* [Task details]: Reproduce the records below exactly; the images should not appear.

* [Supplied records]:
++++

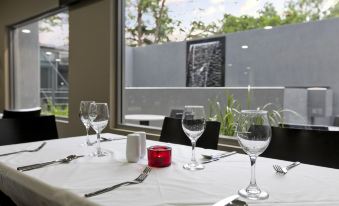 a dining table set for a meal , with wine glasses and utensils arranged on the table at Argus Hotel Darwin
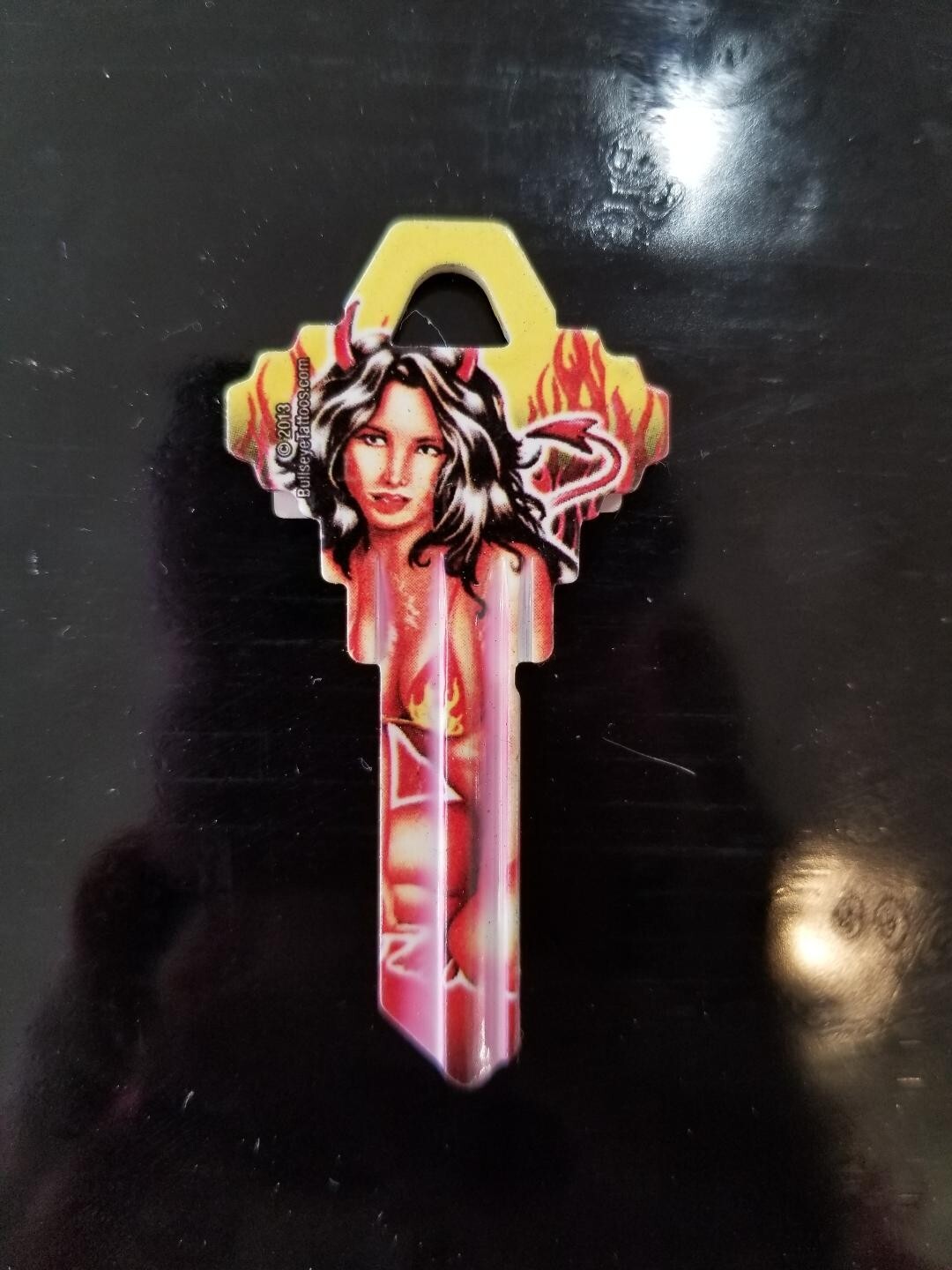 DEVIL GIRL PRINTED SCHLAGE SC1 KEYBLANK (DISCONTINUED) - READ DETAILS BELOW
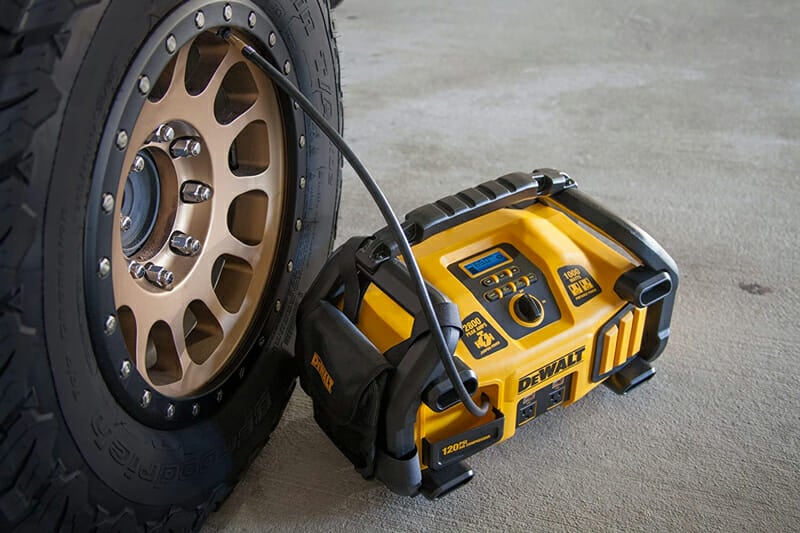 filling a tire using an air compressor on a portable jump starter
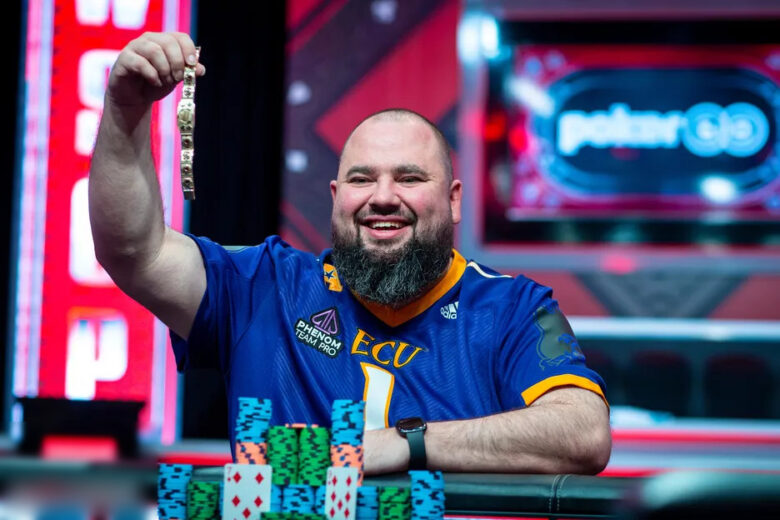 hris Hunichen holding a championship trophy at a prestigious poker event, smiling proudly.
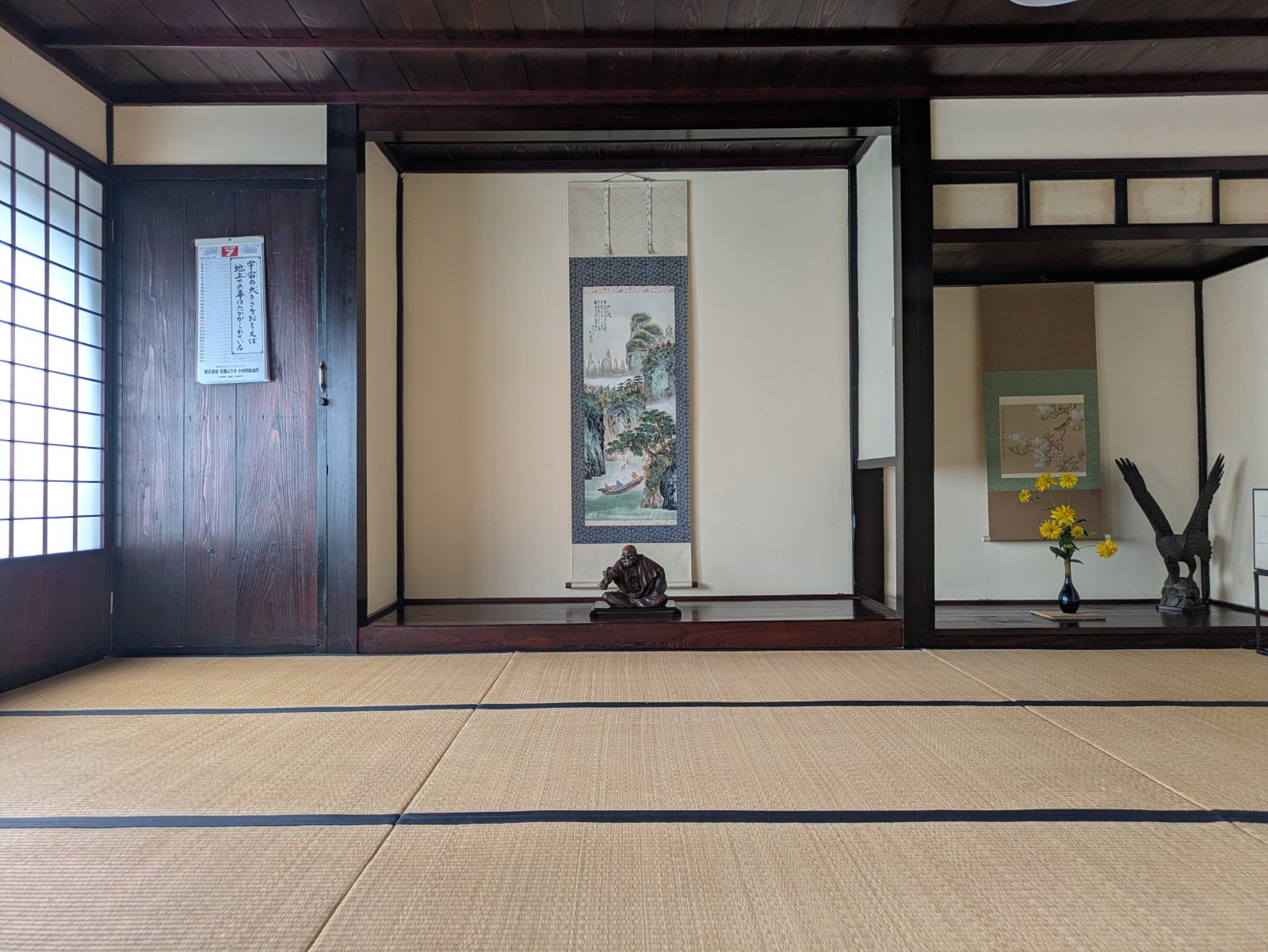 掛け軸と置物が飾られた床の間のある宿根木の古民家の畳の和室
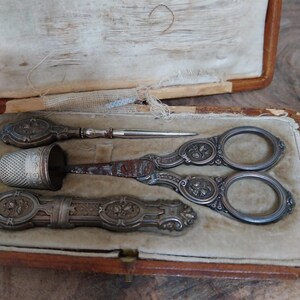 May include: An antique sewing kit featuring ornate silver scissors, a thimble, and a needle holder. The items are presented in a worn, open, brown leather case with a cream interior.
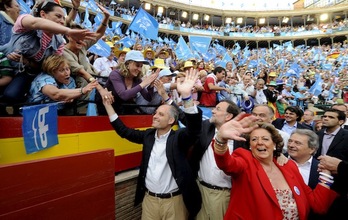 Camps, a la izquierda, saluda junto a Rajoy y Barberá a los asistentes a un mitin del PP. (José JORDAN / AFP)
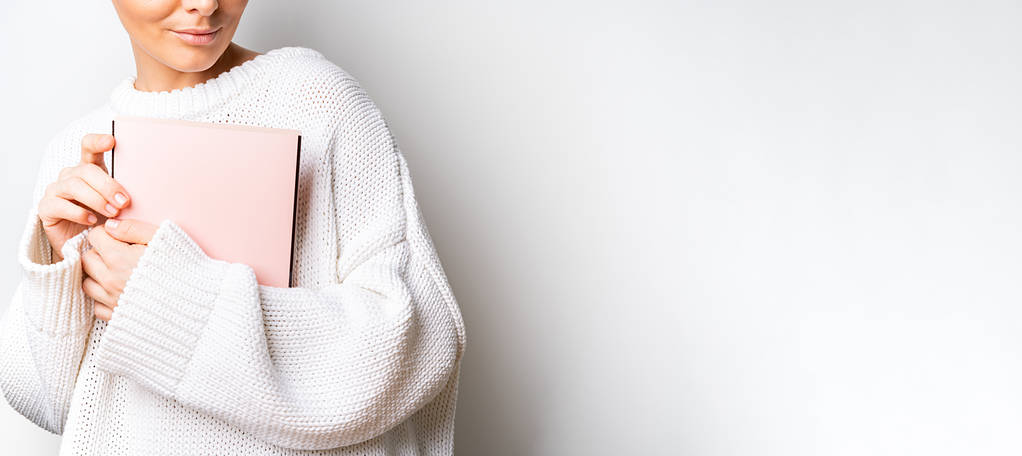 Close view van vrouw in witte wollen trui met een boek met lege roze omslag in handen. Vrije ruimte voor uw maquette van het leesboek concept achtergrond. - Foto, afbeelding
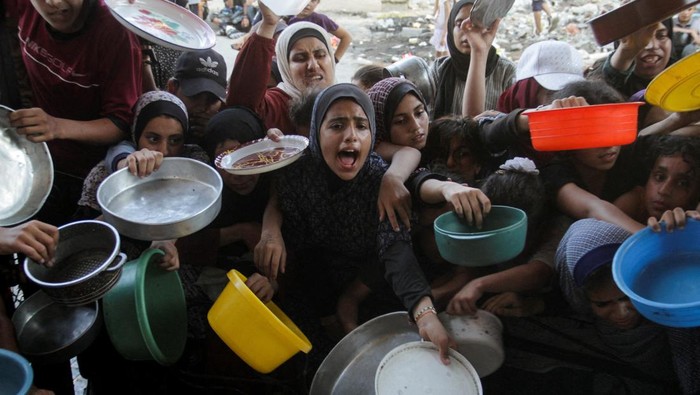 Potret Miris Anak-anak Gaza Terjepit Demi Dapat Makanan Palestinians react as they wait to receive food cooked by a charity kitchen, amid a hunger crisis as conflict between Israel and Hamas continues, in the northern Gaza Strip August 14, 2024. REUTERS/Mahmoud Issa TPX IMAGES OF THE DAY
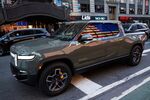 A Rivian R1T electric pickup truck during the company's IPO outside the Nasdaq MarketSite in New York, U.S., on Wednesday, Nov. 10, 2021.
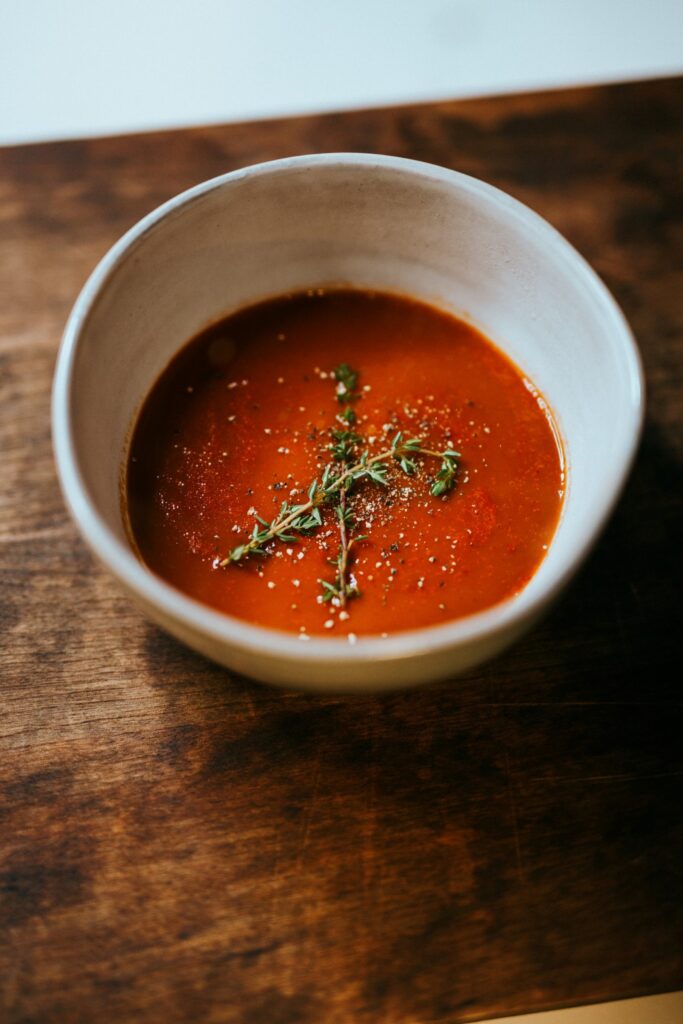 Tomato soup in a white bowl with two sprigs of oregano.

++++

* [Result]:
 a dining table set for a meal , with wine glasses and utensils arranged on the table at Argus Hotel Darwin
 DEVIL GIRL PRINTED SCHLAGE SC1 KEYBLANK (DISCONTINUED) - READ DETAILS BELOW
 filling a tire using an air compressor on a portable jump starter
 hris Hunichen holding a championship trophy at a prestigious poker event, smiling proudly.
 掛け軸と置物が飾られた床の間のある宿根木の古民家の畳の和室
 May include: An antique sewing kit featuring ornate silver scissors, a thimble, and a needle holder. The items are presented in a worn, open, brown leather case with a cream interior.
 Camps, a la izquierda, saluda junto a Rajoy y Barberá a los asistentes a un mitin del PP. (José JORDAN / AFP)
 Close view van vrouw in witte wollen trui met een boek met lege roze omslag in handen. Vrije ruimte voor uw maquette van het leesboek concept achtergrond. - Foto, afbeelding
 Potret Miris Anak-anak Gaza Terjepit Demi Dapat Makanan Palestinians react as they wait to receive food cooked by a charity kitchen, amid a hunger crisis as conflict between Israel and Hamas continues, in the northern Gaza Strip August 14, 2024. REUTERS/Mahmoud Issa TPX IMAGES OF THE DAY
 A Rivian R1T electric pickup truck during the company's IPO outside the Nasdaq MarketSite in New York, U.S., on Wednesday, Nov. 10, 2021.
 Tomato soup in a white bowl with two sprigs of oregano.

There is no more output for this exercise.